For example, the floating-point arithmetic unit 62 sequentially executes a first instruction and a second instruction received from the reservation station 50. For example, the first instruction is a 64-bit addition instruction. The floating-point arithmetic unit 62 adds the 64-bit data retained in registers f2 and f3, and stores the 64-bit addition result in a register f1. For example, the second instruction is a 128-bit addition instruction. The floating-point arithmetic unit 62 adds the 128-bit data retained in registers f1 and f4, and stores the 128-bit addition result in a register f5.


Each of the numerical values at the end of the registers f1, f2, f3, f4, and f5 indicates a logical register number. For example, the addition result data of the first instruction is stored in the physical register (WP-FPRN=“8” in FIG. 4) corresponding to the logical register number W-FPRN. The decoding unit 30 sets the bit lengths W-LEN and R-LEN of the instruction with the bit length (bit width) of 64 bits to “0”, and the bit lengths W-LEN and R-LEN of the instruction with the bit length (bit width) of 128 bits to “1”. Note that the bit length LEN may be expanded to 2 bits or more, such as when the bit length LEN is larger than 128 bits, when the bit length is divided in units of 32 bits, or the like.

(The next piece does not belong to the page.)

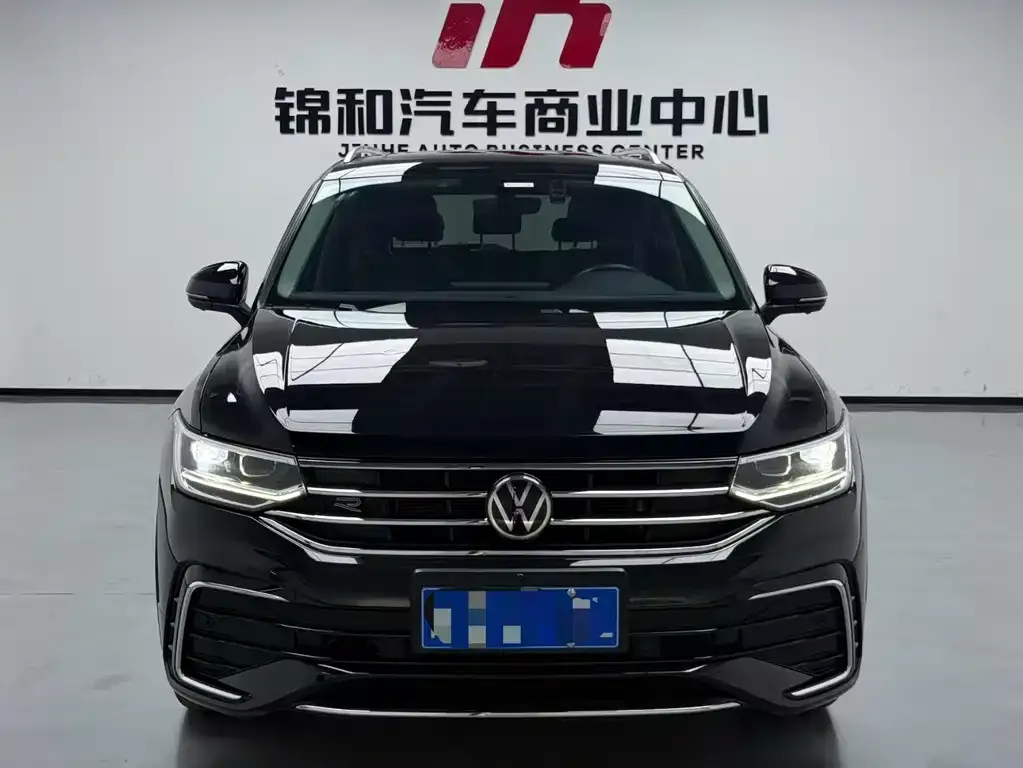 Volkswagen Tiguan L — фото 2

At the time of decoding the first instruction, the decoding unit 30 stores the physical register number WP-FPRN (=8) and the bit length W-LEN (=0) indicating the bit length of 64 bits in the entry in the FPR renaming table 40 corresponding to the logical register number W-FPRN (=1). At the time of decoding the second instruction, the decoding unit 30 outputs the logical register number R-FPRN (=1) to the FPR renaming table 40. The FPR renaming table 40 outputs, to the reservation station 50, the bit length R-LEN (=0) and the physical register number RP-FPRN (=8) read from the entry corresponding to the logical register number R-FPRN (=1). Then, the floating-point arithmetic unit 62 executes the second instruction.


Note that each instruction may have a plurality of source operands, such as the registers f1 and f2 in the first instruction and the registers f1 and f4 in the second instruction. Accordingly, the decoding unit 30 practically outputs, for each instruction, a plurality of the logical register numbers R-FPRN corresponding to the respective plurality of source operands. The FPR renaming table 40 outputs, to the reservation station 50, a plurality of physical register numbers RP-FPRN and the bit length R-LEN on the basis of the plurality of logical register numbers R-FPRN received in parallel. Note that the configuration and the function of the GPR renaming table 42 are similar to the configuration and the function of the FPR renaming table 40 except that the register number corresponds to the GPR 68.



FIG. 5 illustrates an exemplary method of setting the physical register number WP-FPRN to be stored in the FPR renaming table 40 in FIG. 3. In FIG. 5, reference signs D and W indicated in parentheses at the end of signals indicate that the signals are generated in the cycle D and the cycle W in FIG. 7, respectively.


The arithmetic processing device 100 includes, in addition to the configuration illustrated in FIG. 3, a reorder buffer 32, an FPR commit renaming table 34 corresponding to the FPR renaming table 40, and an FPR free list 36. Note that, although the arithmetic processing device 100 includes a GPR commit renaming table corresponding to the GPR renaming table 42 and a GPR free list, illustration thereof is omitted. A method of setting the physical register number WP-GPRN to be stored in the GPR renaming table 42 is similar to the method of setting the physical register number WP-FPRN to be stored in the FPR renaming table 40.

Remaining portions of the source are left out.